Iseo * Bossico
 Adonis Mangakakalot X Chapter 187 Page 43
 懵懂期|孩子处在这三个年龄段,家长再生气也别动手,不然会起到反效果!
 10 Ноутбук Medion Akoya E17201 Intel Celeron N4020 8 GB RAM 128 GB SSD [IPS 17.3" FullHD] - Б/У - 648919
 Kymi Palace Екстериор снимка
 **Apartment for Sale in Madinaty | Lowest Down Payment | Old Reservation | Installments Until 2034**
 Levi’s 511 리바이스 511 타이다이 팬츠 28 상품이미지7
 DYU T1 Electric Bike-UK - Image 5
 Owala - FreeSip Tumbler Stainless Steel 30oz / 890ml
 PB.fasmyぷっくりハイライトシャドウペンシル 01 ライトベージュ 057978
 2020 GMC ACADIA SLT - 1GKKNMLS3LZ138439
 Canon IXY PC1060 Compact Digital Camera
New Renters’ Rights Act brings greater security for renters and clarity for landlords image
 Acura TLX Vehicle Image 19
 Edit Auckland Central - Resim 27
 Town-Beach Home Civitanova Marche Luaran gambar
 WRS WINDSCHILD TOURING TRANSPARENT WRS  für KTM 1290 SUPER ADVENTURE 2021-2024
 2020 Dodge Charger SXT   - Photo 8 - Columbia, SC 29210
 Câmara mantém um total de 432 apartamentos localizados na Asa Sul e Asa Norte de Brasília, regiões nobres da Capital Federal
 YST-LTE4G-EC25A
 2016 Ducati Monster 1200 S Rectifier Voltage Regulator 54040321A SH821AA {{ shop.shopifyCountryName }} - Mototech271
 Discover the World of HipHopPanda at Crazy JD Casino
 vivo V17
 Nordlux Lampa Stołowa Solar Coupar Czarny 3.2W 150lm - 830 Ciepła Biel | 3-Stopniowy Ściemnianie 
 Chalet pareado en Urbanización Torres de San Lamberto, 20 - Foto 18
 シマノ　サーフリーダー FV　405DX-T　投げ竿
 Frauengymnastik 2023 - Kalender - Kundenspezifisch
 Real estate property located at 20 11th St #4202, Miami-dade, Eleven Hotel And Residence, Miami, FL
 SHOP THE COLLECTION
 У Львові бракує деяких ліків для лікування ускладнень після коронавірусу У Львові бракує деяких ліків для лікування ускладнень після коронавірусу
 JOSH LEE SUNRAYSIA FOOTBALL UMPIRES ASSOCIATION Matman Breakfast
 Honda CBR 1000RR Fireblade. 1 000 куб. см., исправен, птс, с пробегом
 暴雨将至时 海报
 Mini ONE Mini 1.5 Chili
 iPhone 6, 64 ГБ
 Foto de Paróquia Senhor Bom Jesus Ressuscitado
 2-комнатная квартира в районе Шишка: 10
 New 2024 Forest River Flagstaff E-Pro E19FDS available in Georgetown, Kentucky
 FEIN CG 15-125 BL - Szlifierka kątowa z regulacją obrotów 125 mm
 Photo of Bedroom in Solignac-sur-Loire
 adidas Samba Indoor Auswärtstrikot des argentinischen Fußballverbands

- _Task to carry out_:
Filter the entries down to the lines that hold "Foto". Copy those lines.

- _Answer to this task_:
 Chalet pareado en Urbanización Torres de San Lamberto, 20 - Foto 18
 Foto de Paróquia Senhor Bom Jesus Ressuscitado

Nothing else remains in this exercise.